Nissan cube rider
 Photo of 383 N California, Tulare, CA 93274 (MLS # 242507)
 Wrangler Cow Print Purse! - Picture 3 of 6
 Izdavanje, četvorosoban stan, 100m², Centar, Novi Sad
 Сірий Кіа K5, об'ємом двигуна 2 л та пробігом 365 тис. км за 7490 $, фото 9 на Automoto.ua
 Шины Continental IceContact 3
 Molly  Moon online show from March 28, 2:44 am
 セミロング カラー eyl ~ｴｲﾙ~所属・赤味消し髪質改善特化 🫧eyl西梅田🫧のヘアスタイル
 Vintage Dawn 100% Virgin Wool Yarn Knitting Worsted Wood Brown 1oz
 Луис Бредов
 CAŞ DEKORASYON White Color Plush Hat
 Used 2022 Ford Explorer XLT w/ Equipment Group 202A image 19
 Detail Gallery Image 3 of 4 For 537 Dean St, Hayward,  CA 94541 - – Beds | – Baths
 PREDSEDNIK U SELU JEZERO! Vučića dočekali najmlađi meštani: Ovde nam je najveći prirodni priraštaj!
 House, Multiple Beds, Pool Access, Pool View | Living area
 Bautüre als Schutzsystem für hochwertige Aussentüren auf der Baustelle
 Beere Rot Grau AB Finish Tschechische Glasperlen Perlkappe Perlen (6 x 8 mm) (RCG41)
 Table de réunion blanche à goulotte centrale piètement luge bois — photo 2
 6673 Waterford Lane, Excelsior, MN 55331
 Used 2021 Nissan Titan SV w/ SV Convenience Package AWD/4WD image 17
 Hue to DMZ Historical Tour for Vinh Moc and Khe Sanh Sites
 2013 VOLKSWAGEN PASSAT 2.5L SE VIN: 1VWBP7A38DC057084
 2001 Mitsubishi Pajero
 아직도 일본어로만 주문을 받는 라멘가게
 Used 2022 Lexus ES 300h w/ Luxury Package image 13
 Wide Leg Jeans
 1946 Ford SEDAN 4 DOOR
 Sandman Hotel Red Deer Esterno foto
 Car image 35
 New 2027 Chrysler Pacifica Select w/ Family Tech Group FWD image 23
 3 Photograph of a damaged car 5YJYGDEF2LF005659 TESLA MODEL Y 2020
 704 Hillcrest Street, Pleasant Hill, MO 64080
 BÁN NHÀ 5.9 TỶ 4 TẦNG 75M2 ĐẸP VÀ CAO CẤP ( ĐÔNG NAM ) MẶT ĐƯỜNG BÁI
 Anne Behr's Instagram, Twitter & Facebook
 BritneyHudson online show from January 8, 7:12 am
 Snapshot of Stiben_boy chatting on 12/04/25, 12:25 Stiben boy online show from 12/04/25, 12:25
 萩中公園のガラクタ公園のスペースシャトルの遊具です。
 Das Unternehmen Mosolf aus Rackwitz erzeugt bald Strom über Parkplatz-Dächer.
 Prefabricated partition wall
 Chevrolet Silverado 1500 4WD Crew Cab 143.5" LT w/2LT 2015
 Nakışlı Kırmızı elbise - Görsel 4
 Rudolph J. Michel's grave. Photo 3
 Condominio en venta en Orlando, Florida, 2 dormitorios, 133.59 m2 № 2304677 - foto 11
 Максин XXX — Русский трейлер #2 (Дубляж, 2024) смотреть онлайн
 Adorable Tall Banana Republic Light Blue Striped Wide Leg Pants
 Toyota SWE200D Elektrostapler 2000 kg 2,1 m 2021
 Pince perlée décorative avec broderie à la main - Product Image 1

> Aim of the task
Copy out each line in the listing that has the word "Package".

> Answer below
 Used 2021 Nissan Titan SV w/ SV Convenience Package AWD/4WD image 17
 Used 2022 Lexus ES 300h w/ Luxury Package image 13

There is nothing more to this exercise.